Feature Article

Chronic kidney disease: detection, prevention and early-stage management

EDMUND CHUNG, JEFFREY HA, KAREN POK, Grant Luxton

Figures

© MOHAMMED HAnEEFA nIZAMUDEEn/ISTOCKPHOTO.COM
© MOHAMMED HAnEEFA nIZAMUDEEn/ISTOCKPHOTO.COM

Abstract

Chronic kidney disease (CKD) is an increasing problem among our ageing population and is associated with significant cardiovascular morbidity and mortality.
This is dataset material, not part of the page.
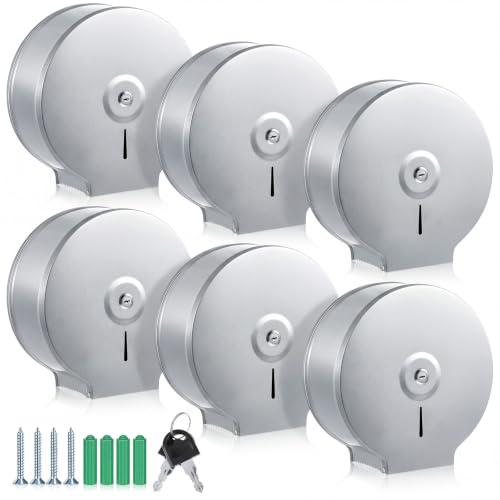 Mifoci 6 Pcs Toilet Paper Holder Wall 9" Commercial Roll Dispenser Silver - color: Silver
Targeted screening and optimal early management of patients in primary care can prevent the worst outcomes of CKD.

Key Points

  • Estimated glomerular filtration rate and albuminuria should both be used to predict risk of chronic kidney disease (CKD) progression and are both independently associated with an increased risk of cardiovascular disease and mortality.
  • Recommended assessment before referral to a nephrologist includes measuring blood pressure (BP), biochemical and haematological testing, urinary albumin to creatinine ratio, urine microscopy for red cell morphology and casts, and urinary tract ultrasound.
  • BP control in patients with CKD should be optimised according to cardiovascular risk while balancing the risks of more intensive BP treatment.
  • Sodium-glucose cotransporter-2 inhibitors should be considered in high-risk patients with diabetic kidney disease and macroalbuminuria due to their renal and cardiovascular benefits.
  • Patients with CKD commonly have hyperuricaemia but should only be prescribed urate-lowering therapy if they already have gout or urate calculi.
  • Salt restriction and the Dietary Approach to Stop Hypertension diet are recommended in hypertensive patients. Persistent hyperkalaemia and hyperphosphataemia may warrant input from a nephrologist and dietitian.
  • Parenteral or oral iron should be used to treat anaemia associated with CKD. Metabolic acidosis may be treated with oral sodium bicarbonate.